*Requirement:*
Taking the line that contains "GAO 4512H BUSINESS" as the first and the final line of the records as the last, write out every line between them exactly, ends included, and nothing else.

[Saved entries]
======
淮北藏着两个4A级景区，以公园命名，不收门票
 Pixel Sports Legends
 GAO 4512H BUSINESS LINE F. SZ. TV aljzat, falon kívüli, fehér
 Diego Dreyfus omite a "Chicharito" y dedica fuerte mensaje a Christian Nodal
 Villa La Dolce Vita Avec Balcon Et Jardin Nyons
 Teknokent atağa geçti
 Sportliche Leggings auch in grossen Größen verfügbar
======
*Answer to this exercise:*
 GAO 4512H BUSINESS LINE F. SZ. TV aljzat, falon kívüli, fehér
 Diego Dreyfus omite a "Chicharito" y dedica fuerte mensaje a Christian Nodal
 Villa La Dolce Vita Avec Balcon Et Jardin Nyons
 Teknokent atağa geçti
 Sportliche Leggings auch in grossen Größen verfügbar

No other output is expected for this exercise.